Tuesday, August 19, 2008

A place to sit.



The bench I finally moved from the garage to the tree, calls to me each day. It’s the only spot I can enjoy outside, as there’s nothing like it near where I live. Hidden, unless you know where to look, yet affording me a full view of the place. I sit with my newspaper after I return from the mall and if I’ve been forward thinking enough, I have a cup of McDonald’s coffee with me. Evenings, I’ll bring a glass of wine or a cup of water and ice, sit reading my Audacity of Hope book. If it is a humid evening, I’ll light a citron candle to discourage the flying bugs.

In the mornings the sun rises behind me, over the berm that protects the land in this holler. In the evenings the sun sits behind the building and in both times the bench is in shade. I’ve thought of putting a metal mobile fire pit nearby so I may enjoy the bench later in the year when evenings are cool, even cold. I may do that.

Saturday, August 2, 2008

Rain


Rain among other things is heavy and loud and wet.





Approaching rain in the country is smelled as well as announced by the sound coming through a field or a copse of trees in a wood. In the city rain is not heard until it arrives.

One day this week after some time of dryness, rain fell just as I left the front door. As I pulled on socks and tied my shoes I had put the ear buds in for the iPod, so instead of rain I heard a poem read by Garrison Keeler. Stepping out the door turning to lock up, I stepped from under the roof into sprinkling rain. I walked to the garage and stood just inside the door watching as that little bit of rain tuned into a downpour. I’ve heard rain and thunder and lightening described in mythological ways; thunder was God bowling or lightening was anger being thrown and rain was water poured from a bucket onto the earth.

Rain in summer is welcomed to satiate a thirst.

That morning I was accompanied by hard rain. Into and out of buildings, the rain seemed to slow when I was under cover.
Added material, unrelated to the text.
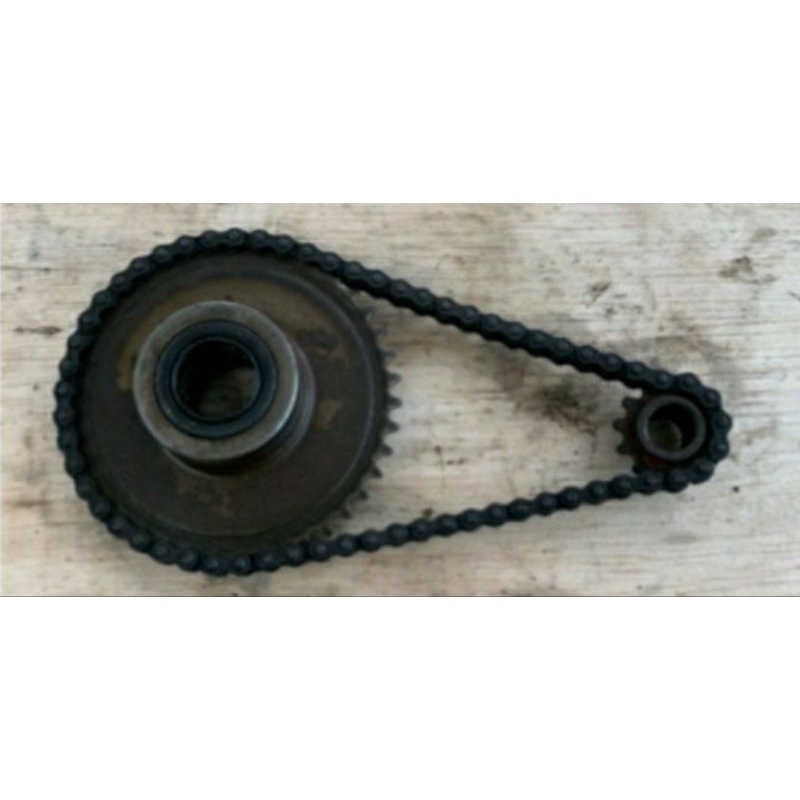 Gigi Penghantar Dobel Stater Supra X Granda Supra Fit Revo Lama Fullset Rantai Original Copotan Moto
Out the door of the mall or the post office, it started again dampening me and beating onto the truck so hard it filled my ears with its sound. I stopped for gas putting in my usual ten gallons. All the while the rain fell onto the asphalt outside the metal cover at the pump. I pulled into the bank drive-in up close to the window and my favorite teller called my by name remarking on the rain.

I arrived home again and put the truck in the garage. When I again stood at the garage door the downpour had become a gentle sprinkle. I walked over to the door and as I unlocked the rain stopped.